Ideenwettbewerb_Eigenheimkonzepte_Brachfläche

Trautes_HEIM

Konzeptioneller Ausgangspunkt waren die mittelalterlichen Geschlechtertürme von San Gimigniano, wo jede Familie neben der Wehrhaftigkeit, auch Macht und Reichtum repräsentierte. Auch heute geht es u.a. um Selbstdarstellung, darum, Eigentum zu bilden und zu zeigen. Um dem in seiner Individualität möglichst viel Raum zu geben, wurden lediglich Rahmenbedingungen konzipiert.

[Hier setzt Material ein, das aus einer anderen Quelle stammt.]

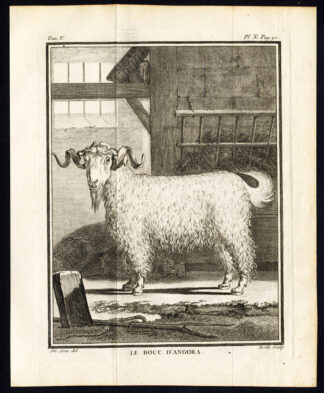 Antique Print-set-ANGORA SHEEP-Buffon-1780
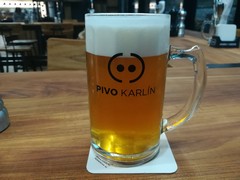 Pivo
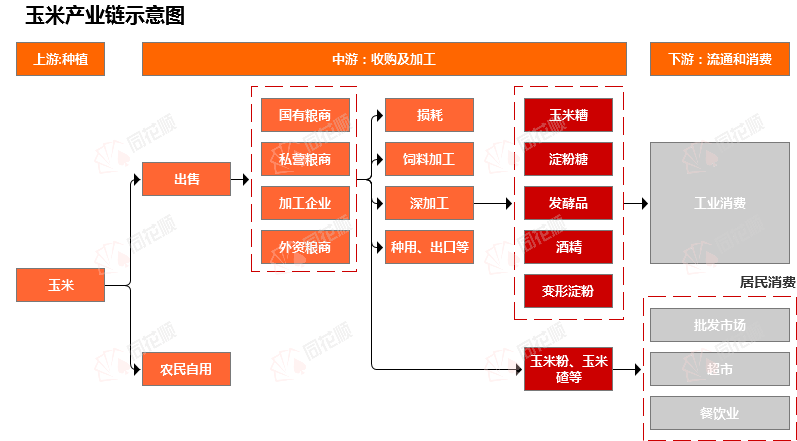 价格前线|12月23日玉米异动提示_https://www.dong10.com_理财_第3张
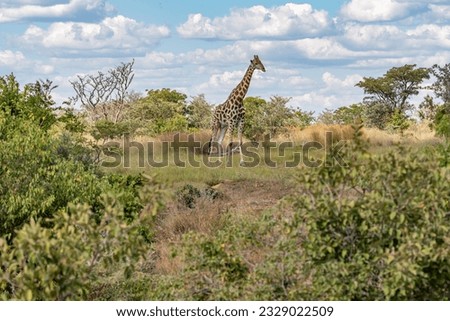 Giraffe enjoying free nature in south africa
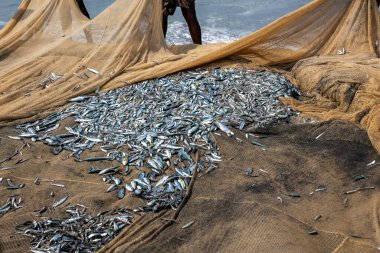 Balıkçılık Sanatı: Sardalyalar Yakalandı ve Cezalandı
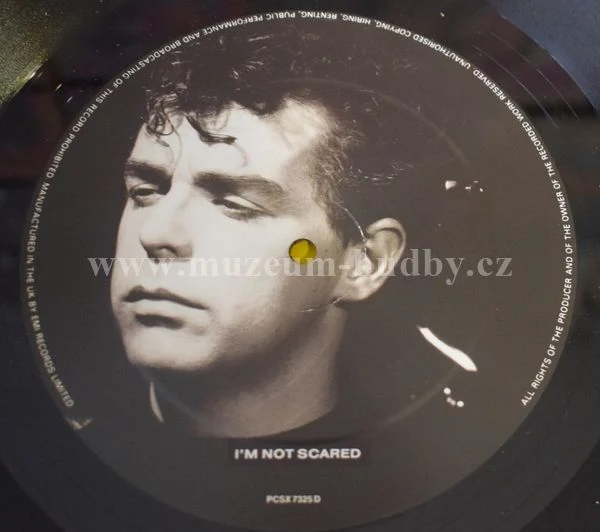 Pet Shop Boys - Obrázek 4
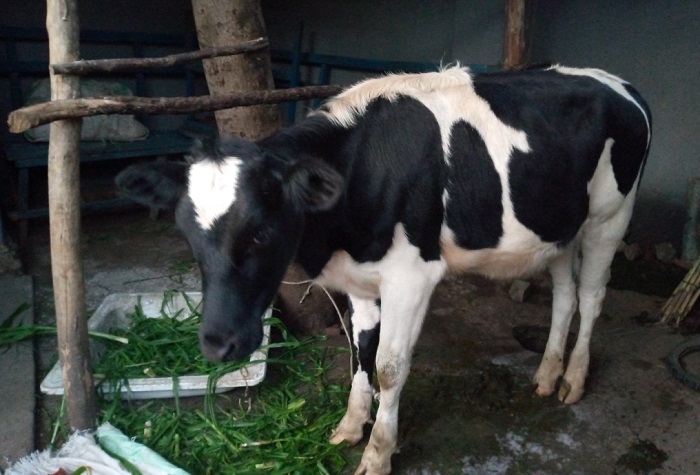 Umuryango washyikirijwe iyi nyana wiyemeje kuyifata neza ikazororoka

Die Schaffung eines Rasters aus  massiven Erschließungs- und Versorgungstürmen bilden dabei als Kern die Grundlage für  individuelle Inbesitznahme in vertikaler Richtung, wobei die ausschließlich privaten Flächen ab einer Höhe von ca. 3.40 Meter beginnen. Die damit einhergehende Minimierung der durch private Beanspruchung verbrauchenden Flächen erzeugt maximale öffentliche, halböffentliche und gemeinschaftliche Bereiche auf Geländeniveau.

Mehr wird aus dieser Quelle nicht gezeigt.